What you have to do: Exact copy, no pictures: return all the data below as written.

━━━━━━

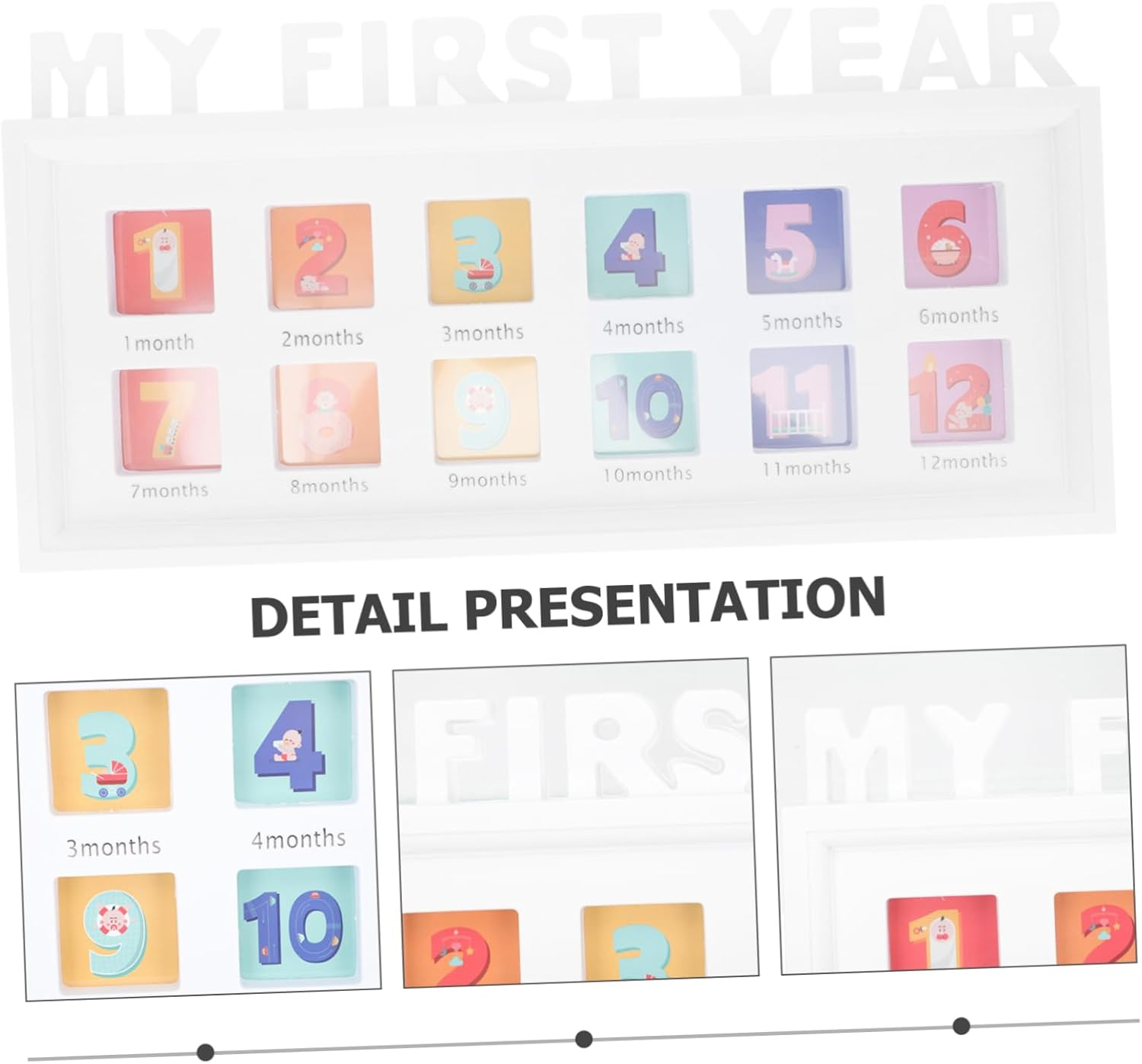 Month Growth Photo Frame Compact First Year Picture Holder for Boys Creative Milestone Display for Home Decor for Recording Memories - Blue image number 2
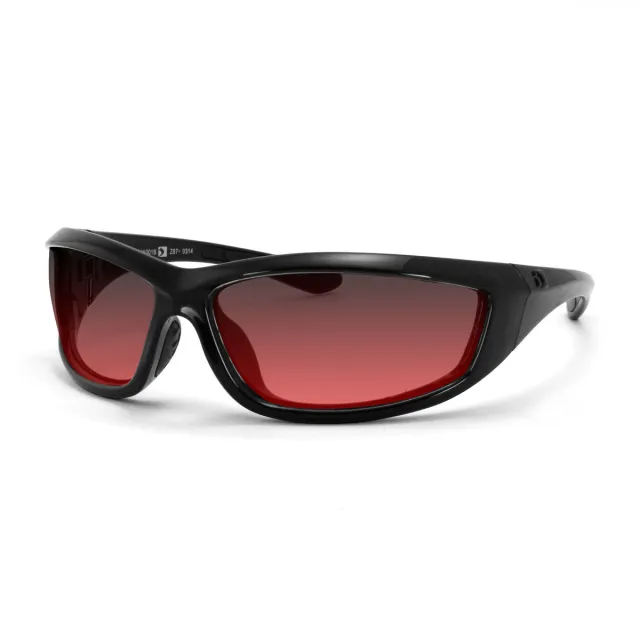 Bobster ECHA001R Charger Sunglasses Gloss Black Frame Rose Lens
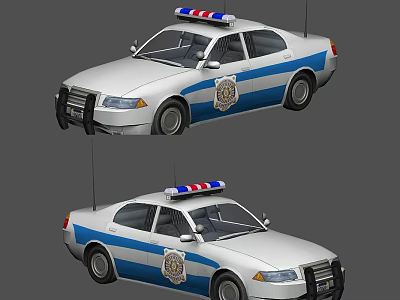 White and Blue Striped Police Utility Vehicle Featuring Sirens Badge and Sedan Design 3d model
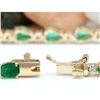 Image 2 : 9.02 CTW Natural Emerald 14K Solid Yellow Gold Diamond Bracelet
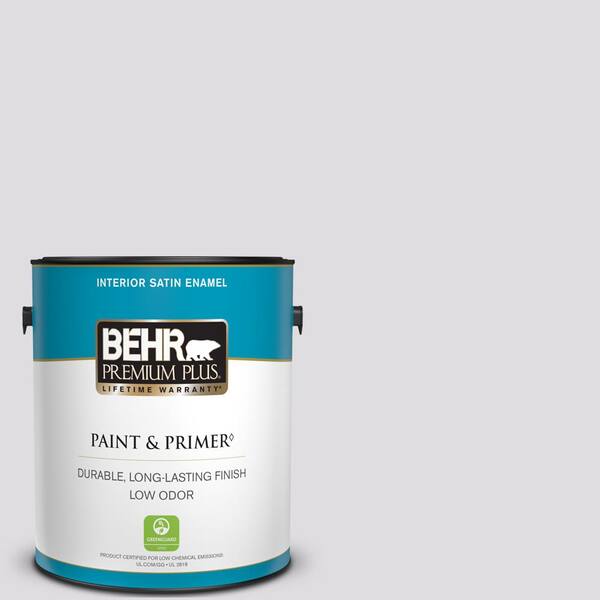 BEHR PREMIUM PLUS 1 gal. #660E-1 Lavender Lace Satin Enamel Low Odor Interior Paint & Primer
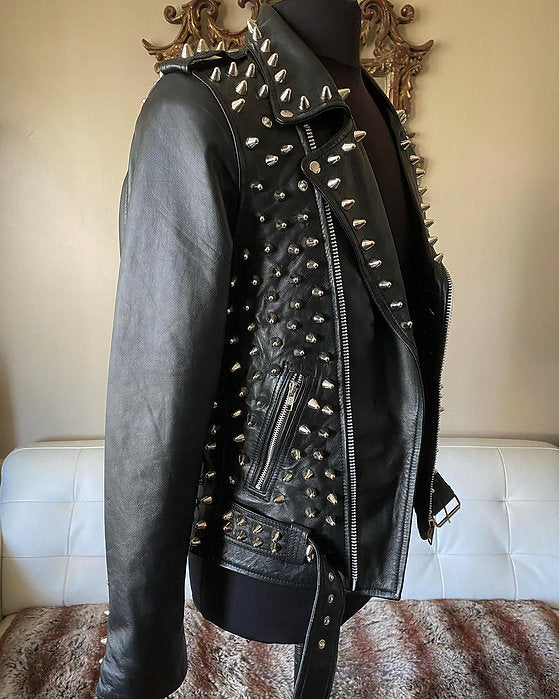 studded leather motorcycle jacket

━━━━━━

Result of this task:
 Month Growth Photo Frame Compact First Year Picture Holder for Boys Creative Milestone Display for Home Decor for Recording Memories - Blue image number 2
 Bobster ECHA001R Charger Sunglasses Gloss Black Frame Rose Lens
 White and Blue Striped Police Utility Vehicle Featuring Sirens Badge and Sedan Design 3d model
 Image 2 : 9.02 CTW Natural Emerald 14K Solid Yellow Gold Diamond Bracelet
 BEHR PREMIUM PLUS 1 gal. #660E-1 Lavender Lace Satin Enamel Low Odor Interior Paint & Primer
 studded leather motorcycle jacket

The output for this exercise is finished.